Baudrillard’s cute is cold, but fails to integrate the coolness that is part of the contemporary
girlish type of cuteness. The reason is that his conception of the cute remains linked to the
Western conventional understanding of cuteness and ignores the most original qualities
of kawaii. Baudrillard does not perceive the links between cool and cute as humanist
expressions. If bodies are only smooth and self-enclosed, any human aspect intrinsic
to kawaii disappears. It is surprising that this thinker who has recognized cool as a pure play of
values, will turn the erotic into a cute but cold fetish instead of entirely leaving it within the
domain of playful interaction.
When it comes to the definition of the erotic gaze of the self-fetishized woman, however,
Baudrillard fares much better because his explanations concur with his general system of erotic
reality as an empty exchange of signs and of a commutability in which everything remains
indecisive. Here empowerment is possible. “Dreamily, proceeding anagrammatically, that is to
say, [the gaze] does not advance from one term to another, from one organ, juxtaposed and
connected to another like words by the thread of a functional syntax” (Ibid.:120). Baudrillard
explains that this is not the “willed cool” (of models), but the cool which abandons itself
becoming a “specific quality” transcending all distinctions between hot and cold. This is in
keeping with Baudrillard’s descriptions of an essential indifference or neutrality towards the
meaning of codes in modern society, enabling the commutation of signs into a variety of
significations. Baudrillard believes that “this process … has for a long time been at work in
culture, art, politics, and even in sexuality” (Ibid.:9). Kawaii culture, as well as the Girl Power
phenomenon described by Hopkins, act within this paradoxical vacuum in which assertive power
most effectively speaks through an elusive web of meanings. Also Hopkins’s empowered women
are “both radical and conservative, real and unreal, feminist and feminine” (Hopkins, 2002:6).

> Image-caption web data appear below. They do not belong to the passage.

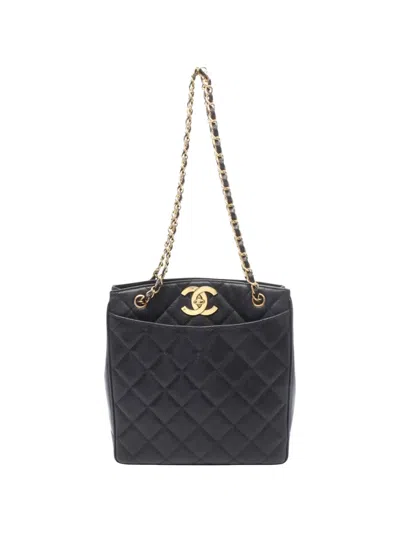 Pre-owned Chanel 1991-1994 Quilted Leather Tote Bag In Black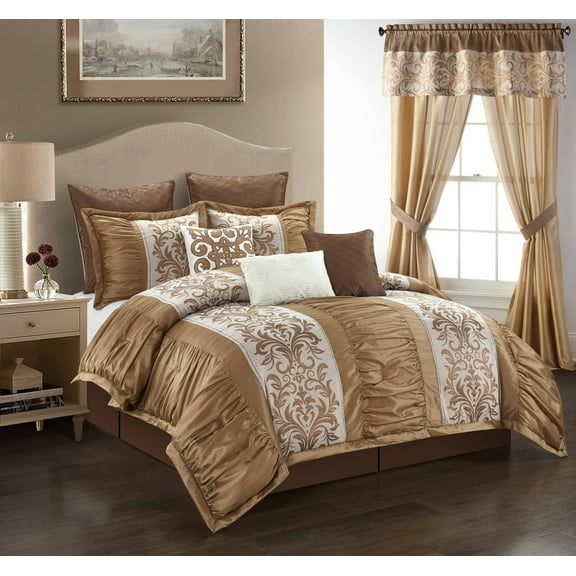 Lanco Luxury 9-Piece Comforter Set, Gold/White California King, Bed in a Bag, Pleat Puffed, Jacquard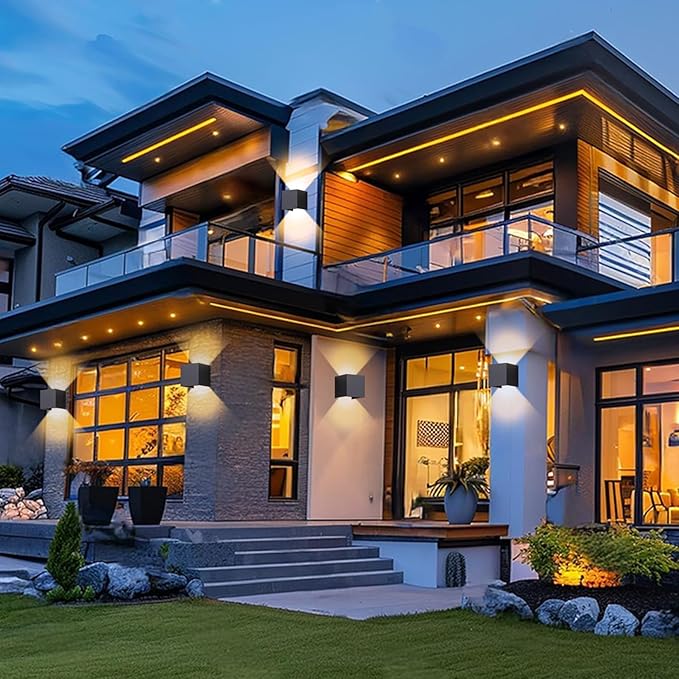 15W Outdoor Wall Light 3000K Up and Down Square LED Modern Wall Sconce Adjustable Black Porch Light IP65 Waterproof Aluminum Exterior Fixture for,Stair,Garage,Patio,Garden (2 Pack)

Cuteness must be defined along these lines. Strangely enough, Baudrillard’s vitrified dolls do not
offer this multi-dimensional aspect. To probe deeper into why this is the case it might be a good
idea for research to pursue these questions with his important understanding of seduction in
mind.
About the Author
Dr. Thorsten Botz-Bornstein is Assistant Professor of Philosophy, Tuskegee University,
Alabama, USA
References
Natalie Augier (2006). “The Cute Factor”, New York Times (January 3rd).

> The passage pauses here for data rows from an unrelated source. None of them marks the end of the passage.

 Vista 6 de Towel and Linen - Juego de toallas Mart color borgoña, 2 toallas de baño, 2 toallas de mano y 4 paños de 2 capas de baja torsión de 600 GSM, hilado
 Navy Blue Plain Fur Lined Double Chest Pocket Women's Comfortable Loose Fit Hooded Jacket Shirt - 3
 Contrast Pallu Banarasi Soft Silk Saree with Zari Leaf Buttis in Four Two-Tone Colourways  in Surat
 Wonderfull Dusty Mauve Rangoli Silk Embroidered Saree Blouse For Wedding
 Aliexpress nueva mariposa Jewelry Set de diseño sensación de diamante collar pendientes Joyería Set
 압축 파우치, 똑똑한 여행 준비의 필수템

Jean Baudrillard ([1976] 1993). Symbolic Exchange and Death. London: Sage.
Gary Cross (2004). The Cute and the Cool. Wondrous Innocence and Modern American
Children’s Culture. Oxford University Press.

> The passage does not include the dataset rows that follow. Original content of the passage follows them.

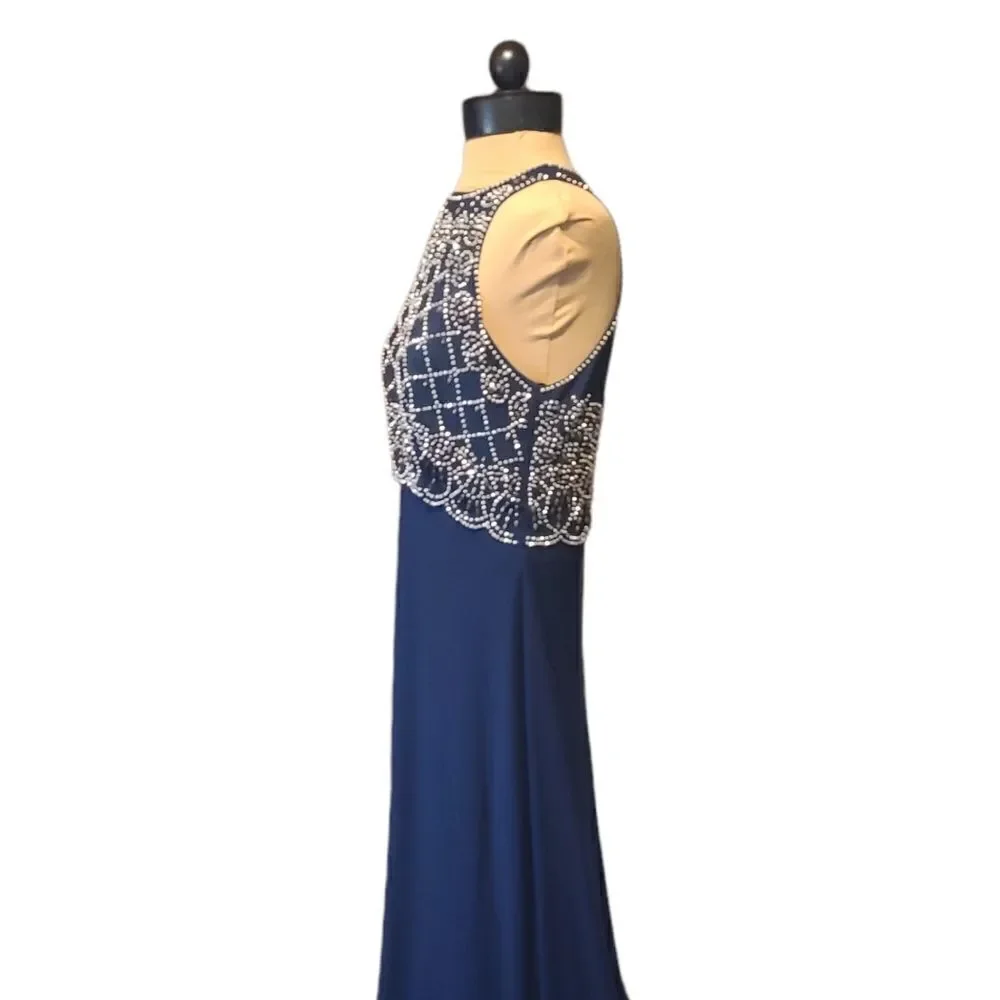 Cachet Embellished Navy Blue Long Dress Gown Size 10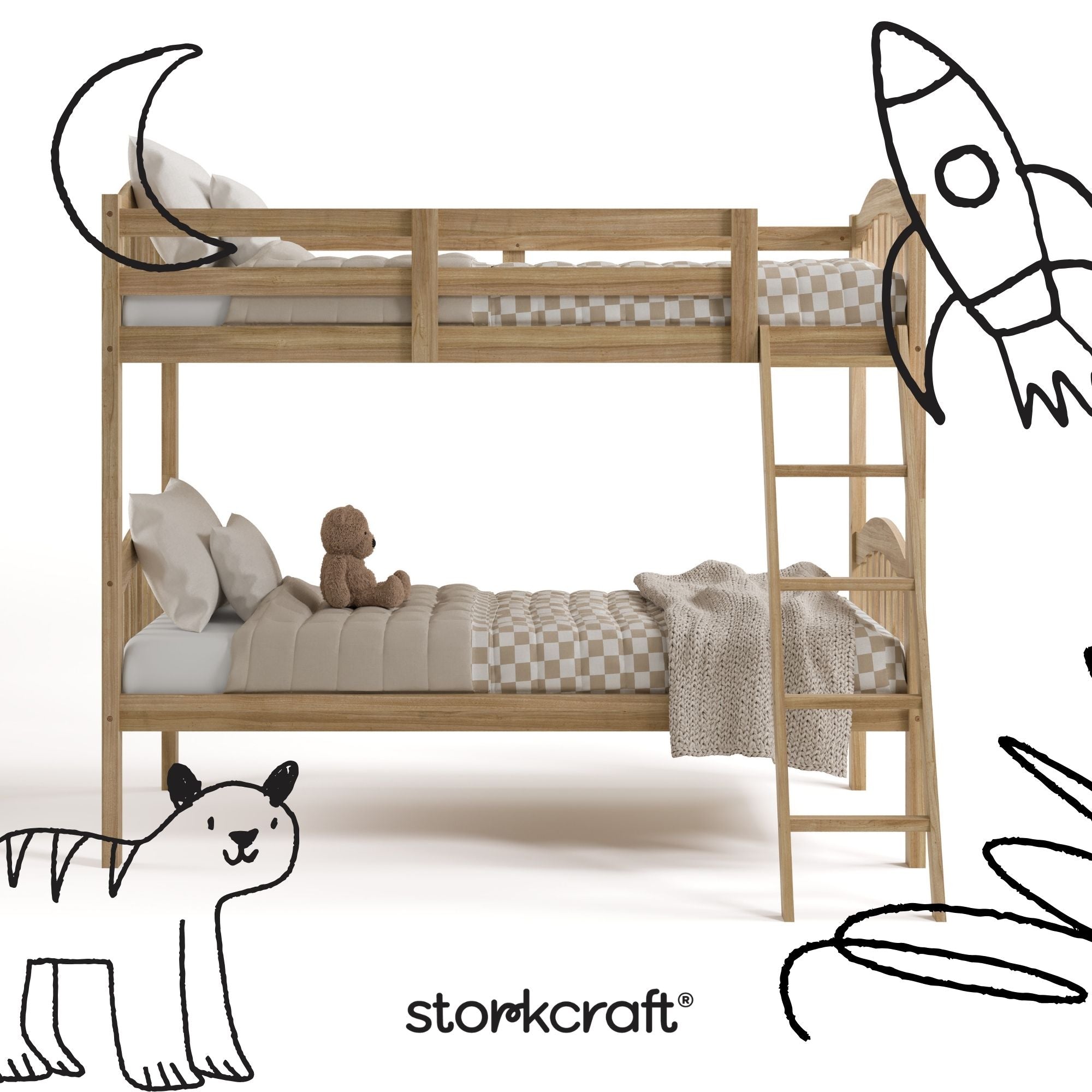 longhorn natural twin over twin bunk bed with black doodles overlaid on image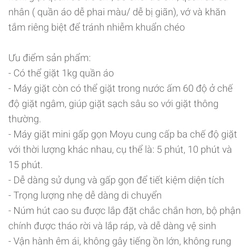 Máy giặt mini gấp gọn thông minh XIAOMI MOYU tiện lợi Có tia UV 215171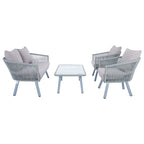 SAFAVIEH Outdoor Sneh-Lata 4-Piece Rope Patio Set - 54W x 27D x 26H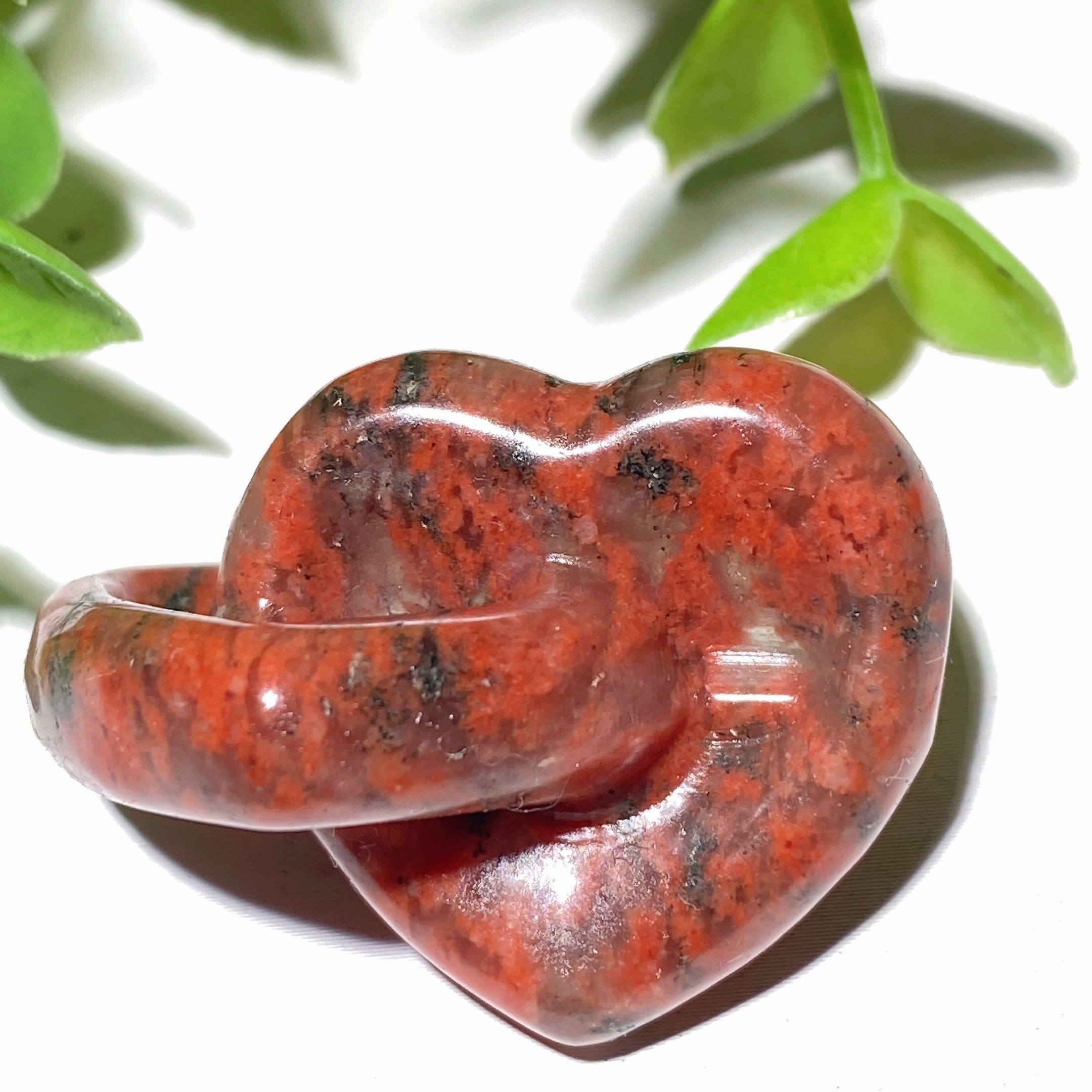 1.4" Mixed Crystal Double Heart Healing Carving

Susan Hopkins (2002). Girl Heroes: The New Force in Popular Culture. Annandale, Australia:
Pluto Press.
Yuir Kageyama (2006). “Cuteness – A Hot-Selling Commodity in Japan”, Washington
Post (June 14th).
John Morreall (1991). “Cuteness”, British Journal of Aesthetics, Volume 31, Number 1:39-47.
Kanako Shiokawa (1999). “Cute but Deadly: Women and Violence in Japanese Comics” in John
Lent (Editor), Themes and Issues in Asian Cartooning: Cute, Cheap, Mad, and Sexy. Bowling
Green, Ohio: Bowling Green State University Press:93-125.